A Roadmap for Greater Public Use of Privacy-Sensitive Government Data: Workshop Report
Chris Clifton, Bradley Malin, Anna Oganian, Ramesh Raskar, Vivek Sharma
TL;DR
The paper documents a two-day workshop on making privacy-sensitive government data more publicly usable, outlining the key challenges and opportunities across testbeds, stakeholder engagement, equity, technology communication, and methods. It highlights concrete avenues for action, including community-building, shared repositories (e.g., synthetic data challenges), and cross-disciplinary education to bridge policy and technology gaps. While not delivering formal recommendations, it provides a structured roadmap to accelerate privacy-preserving data sharing and informs both policy and research directions. The work underscores the importance of balancing privacy risk with data utility in federal data releases and emphasizes multi-stakeholder collaboration to realize practical, scalable solutions.
Abstract
Government agencies collect and manage a wide range of ever-growing datasets.
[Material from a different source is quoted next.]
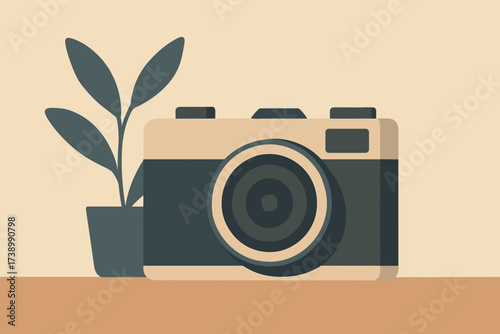Illustration beside it silhouette retro flat simple minimalism table camera vector placed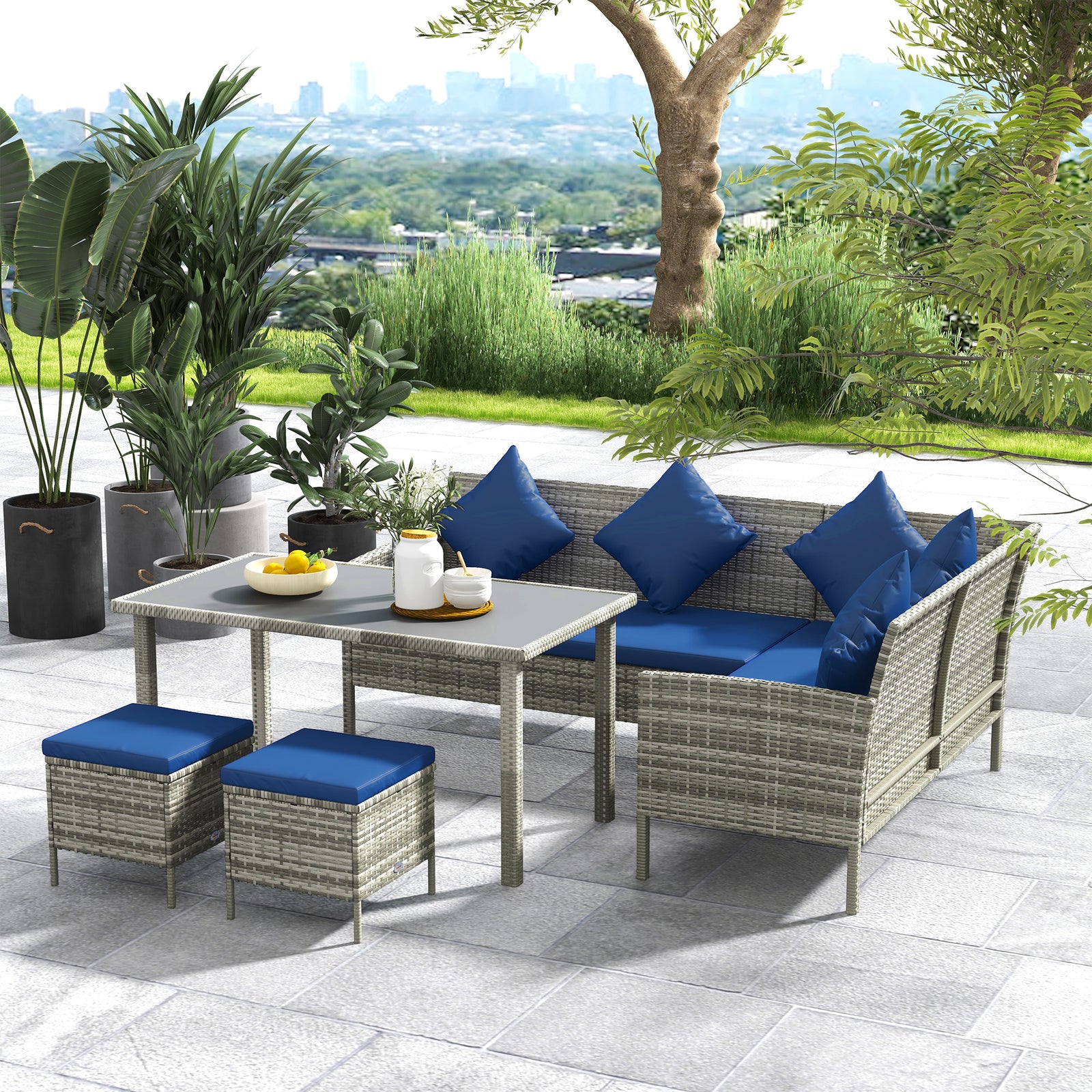 5pcs Rattan Dining Corner Sofa Set, Garden Furniture Set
While such data has the potential to support research and evidence-based policy making, there are concerns that the dissemination of such data could infringe upon the privacy of the individuals (or organizations) from whom such data was collected. To appraise the current state of data sharing, as well as learn about opportunities for stimulating such sharing at a faster pace, a virtual workshop was held on May 21st and 26th, 2021, sponsored by the National Science Foundation (NSF) and National Institute of Standards and Technologies (NIST), and the White House Office of Science and Technology Policy (OSTP), where a multinational collection of researchers and practitioners were brought together to discuss their experiences and learn about recently developed technologies for managing privacy while sharing data. The workshop specifically focused on challenges and successes in government data sharing at various levels. The first day focused on successful examples of new technology applied to sharing of public data, including formal privacy techniques, synthetic data, and cryptographic approaches. Day two emphasized brainstorming sessions on some of the challenges and directions to address them.